Les Maristes n'auront jamais l'occasion de pénétrer en Micronésie. Quant à la mission de Mélanésie, elle durera dix ans et se soldera par un échec. On peut y distinguer trois phases principales: celle de Mgr Epalle, celle de Mgr Collomb et celle des missionnaires de Milan.

1 . Mgr Epalle ( 1845 ).

Sacré à Rome le 21 juillet 1844, parti de Londres le 2 février 1845 avec sept pères et six frères, il touche Sydney le 22 juin de la même année et, le premier décembre, aborde l'île San Cristoval, la plus au sud de l'archipel des Salomon. Après une brève reconnaissance, on poursuit vers l'île Ysabel, plus centrale. Mais là, le 16 décembre 1845, au premier contact avec lcs indigènes, Mgr Epalle est massacré. Les missionnaires reviennent alors à San Cristoval, où ils se fixent au début de 1846, sous l'autorité du P. Fremont, provicaire.

2. Mgr Collomb (1845-1848).

Lc 26 octobre 1845, un coadjuteur avait été donné à Mgr Epalle en la personne d'un jeune missionnaire, Mgr Collomb. Parti le 15 novembre, il apprend à Tahiti, le 14 juillet 1846, la mort de Mgr Epalle, qui fait de lui le vicaire apostolique de Mélanésie et Micronésie. Il se rend au plus vite à San Cristoval voir ses missionnaires puis va se faire sacrer par Mgr Viard et, après avoir, au cours d'une escale en Nouvelle-Calédonie, échappé au massacre où périt le frère Blaise, il se retrouve à San Cristoval en août 1847.

Là, il apprend que, le 20 avril précédent, avaient été massacrés trois missionnaires: les PP. Paget et Jacquet et le frère Hyacinthe.
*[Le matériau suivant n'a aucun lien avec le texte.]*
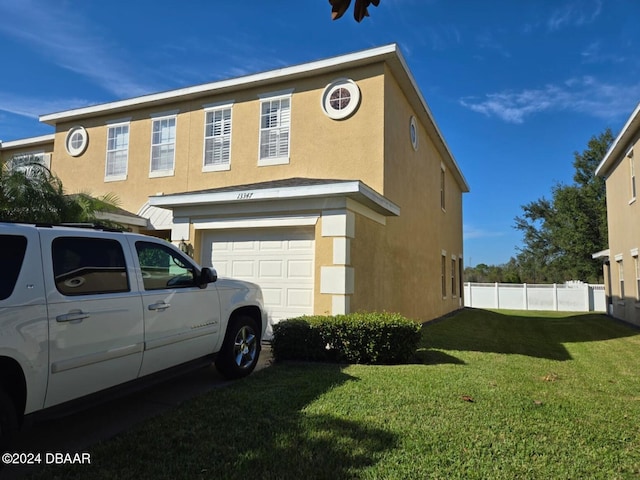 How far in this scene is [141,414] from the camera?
4656 millimetres

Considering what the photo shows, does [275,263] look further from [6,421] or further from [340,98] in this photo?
[6,421]

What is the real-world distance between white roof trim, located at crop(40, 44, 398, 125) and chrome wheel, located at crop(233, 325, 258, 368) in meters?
7.67

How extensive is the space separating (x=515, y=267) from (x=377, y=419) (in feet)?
190

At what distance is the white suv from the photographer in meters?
3.24

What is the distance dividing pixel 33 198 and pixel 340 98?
7.43 m

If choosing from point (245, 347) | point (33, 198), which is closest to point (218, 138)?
point (33, 198)

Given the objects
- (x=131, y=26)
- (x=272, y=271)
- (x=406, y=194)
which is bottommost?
(x=272, y=271)

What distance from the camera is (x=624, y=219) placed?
57.7ft

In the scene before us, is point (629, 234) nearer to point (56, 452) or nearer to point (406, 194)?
point (406, 194)

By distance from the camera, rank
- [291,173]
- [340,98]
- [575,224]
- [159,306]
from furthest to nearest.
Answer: [575,224] → [291,173] → [340,98] → [159,306]

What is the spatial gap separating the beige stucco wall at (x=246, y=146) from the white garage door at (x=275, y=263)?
2.50 meters

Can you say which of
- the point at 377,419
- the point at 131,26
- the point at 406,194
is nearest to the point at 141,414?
the point at 377,419

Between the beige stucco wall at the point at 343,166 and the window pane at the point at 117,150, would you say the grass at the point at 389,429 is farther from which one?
the window pane at the point at 117,150

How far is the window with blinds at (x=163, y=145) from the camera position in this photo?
44.7 ft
Après quelques jours de consultation, l'évêque décide d'abandonner San Cristoval et se transfère avec les missionnaires à l'île de Woodlark, à 200 kilomètres de la Nouvelle-Guinée.

Au printemps de 1848, profitant d'un passage d'un des navires de la société de l'Océanie, Mgr Collomb voudrait aborder en Nouvelle-Guinée ou en Nouvelle-Bretagne mais doit se contenter d'établir une station dans la petite île de Rook, située entre les deux. Il y meurt d'épuisement le 16 juillet 1848, suivi quatre mois plus tard par le P. Villien. En mai 1849, les autres missionnaires de Rook se replient alors sur Woodlark.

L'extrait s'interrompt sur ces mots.